RECORDS SHOWN:

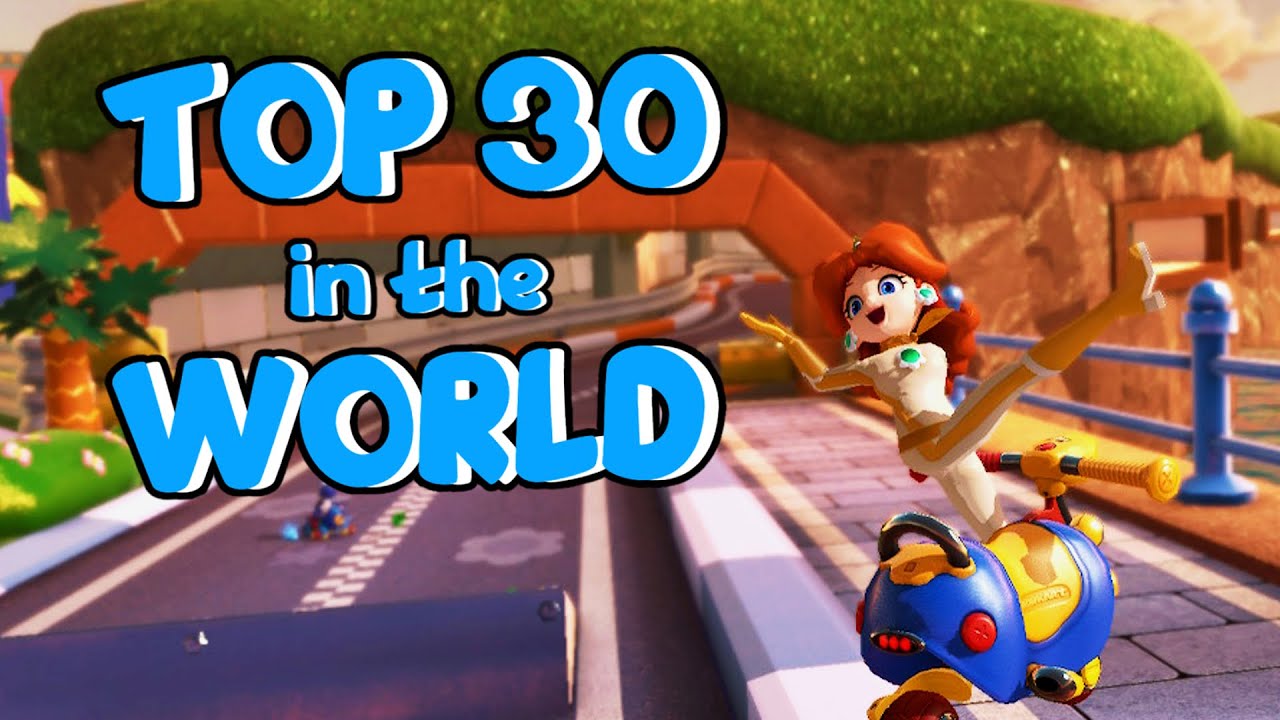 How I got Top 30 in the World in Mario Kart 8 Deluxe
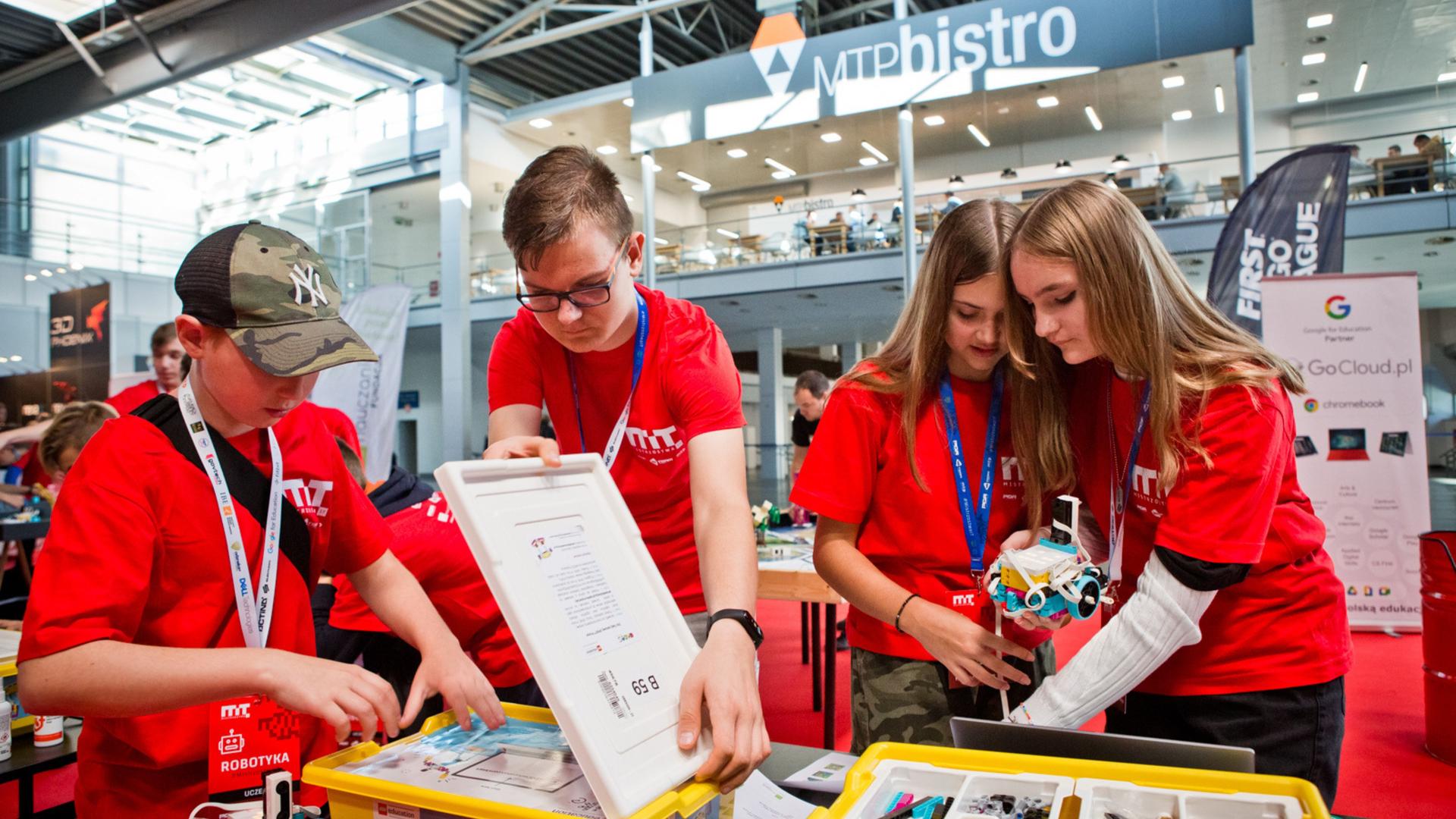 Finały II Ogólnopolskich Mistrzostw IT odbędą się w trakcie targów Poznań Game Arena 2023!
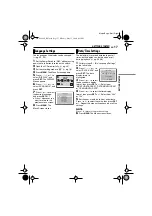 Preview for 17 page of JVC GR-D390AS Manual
==
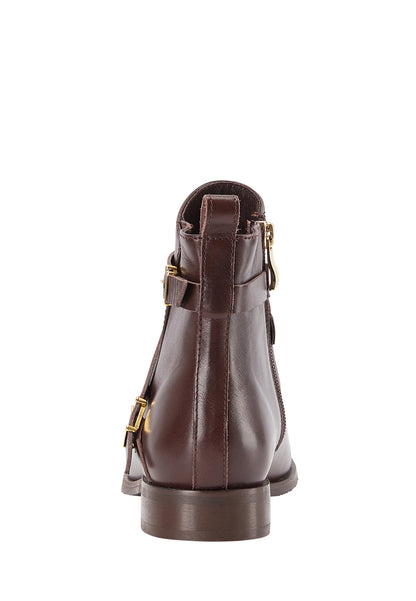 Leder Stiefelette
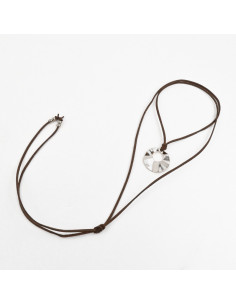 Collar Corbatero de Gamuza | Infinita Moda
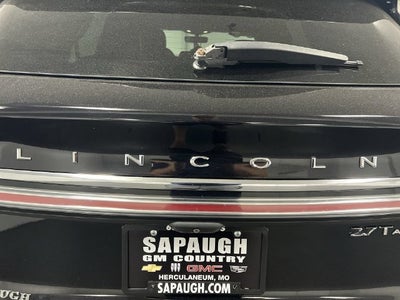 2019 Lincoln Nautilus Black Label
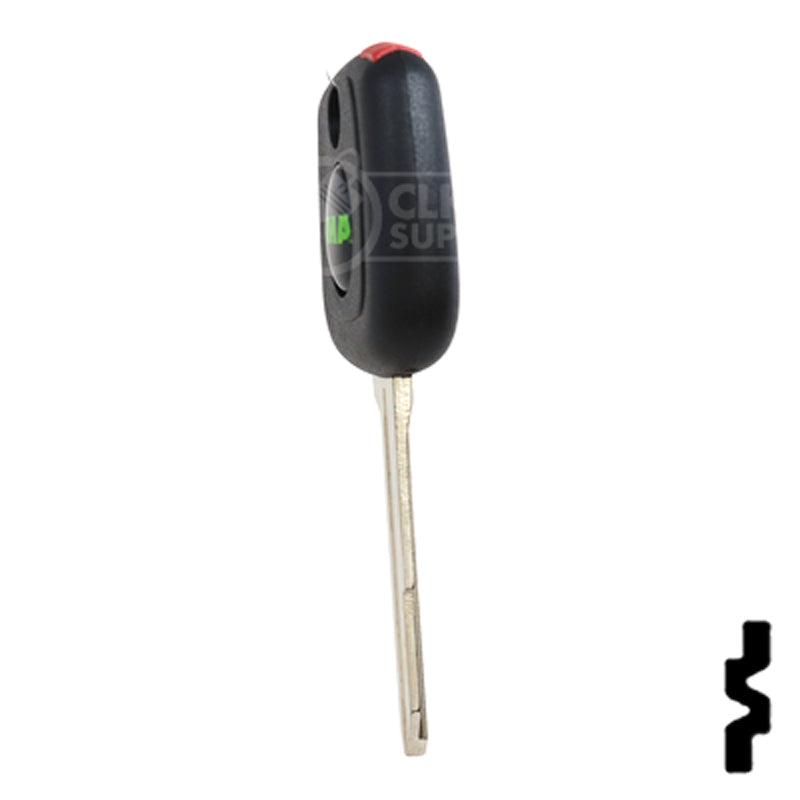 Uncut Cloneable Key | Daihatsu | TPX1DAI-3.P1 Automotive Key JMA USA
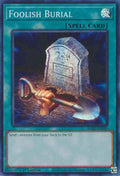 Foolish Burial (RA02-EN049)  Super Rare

INSTRUCTIONS FOR THE TASK: Could you repeat, exactly, only the lines above starting at the one that has "How I got Top" and stopping after the one that has "Preview for 17 page of JVC GR-D390AS Manual", without the pictures?

RESULT OF THIS EXERCISE:
 How I got Top 30 in the World in Mario Kart 8 Deluxe
 Finały II Ogólnopolskich Mistrzostw IT odbędą się w trakcie targów Poznań Game Arena 2023!
 Preview for 17 page of JVC GR-D390AS Manual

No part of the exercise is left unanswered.